J'ai la passion des voyages. Cette passion, je la partage avec nombre d'autres Libanais, et j'aime à penser qu'elle me vient du fond de notre mémoire collective : nous fûmes, nous les Phéniciens, les premiers dans l'Histoire à oser braver l'immensité de la Mer Méditerranée.

Cette passion des voyages, je la retrouve chez de nombreuses autres femmes maghrébines et arabes qui vivent en France. Héritage d'une culture méditerranéenne, qui réunit des peuples épris de mer – c'est-à-dire de voyages. Héritage aussi d'une culture nomade, la culture arabe de nos ancêtres, qui fit du peuple arabe l'un des peuples les plus voyageurs du monde : du VII° au XV° siècle, les Arabes ne firent qu'entreprendre de très longs voyages, qui devaient mener à la création d'immenses empires reliant Grenade à Boukhara en passant par Marseille. Et les voyages arabes ne furent pas arrêtés par la chute de l'empire andalou : l'Afrique fut conquise par les marchands arabes, et l'Asie jusqu'en Inde, en Chine et même en Indonésie : le plus grand pays musulman du monde est dans la zone Pacifique.

Pour ma part, choisir l'ethnologie fut l'un des moyens de choisir le voyage comme but professionnel et centre de ma vie – même si j'ai ensuite transformé mon goût de l'enquête et du terrain en journalisme, plus monnayable sur le marché de l'emploi : avec le même réalisme avec lequel mes ancêtres vendaient ce qu'ils rapportaient de contrées lointaines, je vends mes reportages - mon but n'est pas de les vendre, mais de les réaliser. Comme si d'avoir été contrainte, enfant, à explorer, découvrir, et comprendre les codes sociaux, les rites, et les modes de vie d'une nouvelle tribu – les Français – m'avait donné les atouts pour explorer et comprendre, plus tard, d'autres sociétés. Comme si j'avais transformé cette difficulté d'avoir à m'adapter à un environnement nouveau, en atout professionnel. Ce choix d'un métier lié à l'international, aux voyages, je l'ai retrouvé chez d'autres Maghrébins et Arabes de France, qu'ils travaillent pour des compagnies aériennes, pour une entreprise multinationale, ou qu'ils fassent de l'import-export.

Cette ouverture que nous avons vers d'autres cultures, elle vient de notre bi-culturalité : comme si d'être ouverts à deux cultures nous ouvrait automatiquement les portes des autres cultures. De la même manière qu'un enfant bilingue apprend plus facilement une troisième, voire une quatrième langue. Nous sommes multi-culturels de naissance. On trouve cette même ouverture, et multi-culturalité, chez les Européens qui ont une histoire personnelle liée à un ailleurs : une enfance en expatriation en Afrique, un grand'père militaire au Maroc, une enfance au Vietnam, des parents pieds-noirs. Chez les écrivains ou voyageurs occidentaux, ce lien entre une enfance marquée par un « là-bas » et le goût de la découverte, est évident, de Cendrars à Kessel en passant par Kipling.

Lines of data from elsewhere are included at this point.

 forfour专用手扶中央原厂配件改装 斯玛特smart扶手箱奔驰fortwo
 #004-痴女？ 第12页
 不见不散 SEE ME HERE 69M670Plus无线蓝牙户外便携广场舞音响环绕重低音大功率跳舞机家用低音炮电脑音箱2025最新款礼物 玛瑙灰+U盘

Ma passion des voyages, elle a trouvé en France une terre à sa mesure. Car vivre en France me permet de voyager partout dans le monde. Par la radio qui m'offre toutes les musiques du monde. Par les concerts, car les musiques du monde ont envahi les squares de quartier comme les plus grandes scènes, et jusqu'    aux plus petits villages. Par le cinéma, car aucune ville au monde n'offre autant de films du monde entier que Paris, qui me font entendre des langues inconnues dans leurs propres paysages. Par la littérature, que les Français adorent, et dont ils traduisent plus que dans tout autre pays me semble-t-il, les auteurs les plus lointains, si bien que j'ai ainsi visité, sans encore y être allée, l'Iran, l'Ethiopie, la Chine, le Japon, le Mexique, et le Nigeria des bidonvilles* .

Vivre en France me permet de rencontrer une foule de gens qui partagent la même passion des voyages que moi, et surtout de voyager – probablement plus que je si je vivais aujourd'hui à Alger, Tunis ou Amman. Et il me semble que l'un des secrets de l'émigration des Arabes en France est que la France offre, à ces voyageurs dans l'âme, plus d'ouverture vers le monde que leur propre pays, et la faculté de rencontrer en France, ou depuis la France, plus de gens du monde entier que dans leur propre pays. D'être relié, sentiment grisant, au monde entier. Pour nous, hommes et femmes du Maghreb et du monde arabe, et même du monde entier, voyageurs ataviques, multi-culturels et multi-curieux, la France est notre nouvelle Andalousie.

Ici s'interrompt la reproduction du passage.